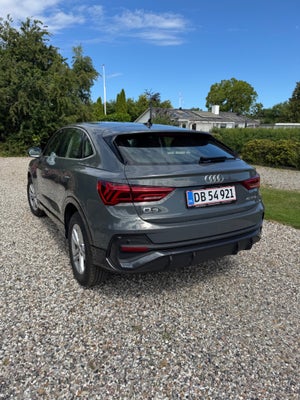 Audi Q3 45 TFSi e Attitude plus Sportback S-tr. 5d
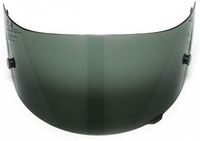 Shoei CWF-1,  visor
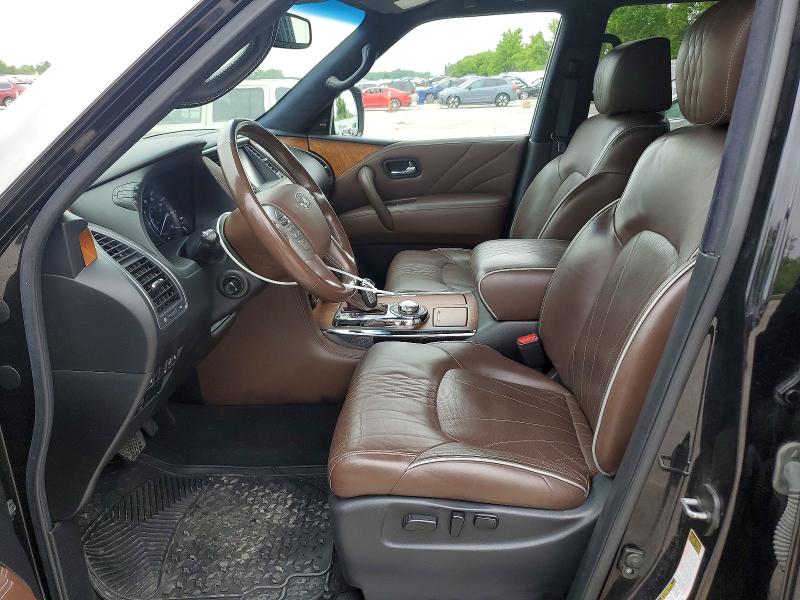 54644426 :رقم المزاد ، JN8AZ2NE2H9156031 vin ، 2017 Infiniti Qx80 مزاد بيع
==========
(What the task asks): All the lines above should be reproduced exactly, and none of the pictures.

(Problem solution):
 Audi Q3 45 TFSi e Attitude plus Sportback S-tr. 5d
 Shoei CWF-1,  visor
 54644426 :رقم المزاد ، JN8AZ2NE2H9156031 vin ، 2017 Infiniti Qx80 مزاد بيع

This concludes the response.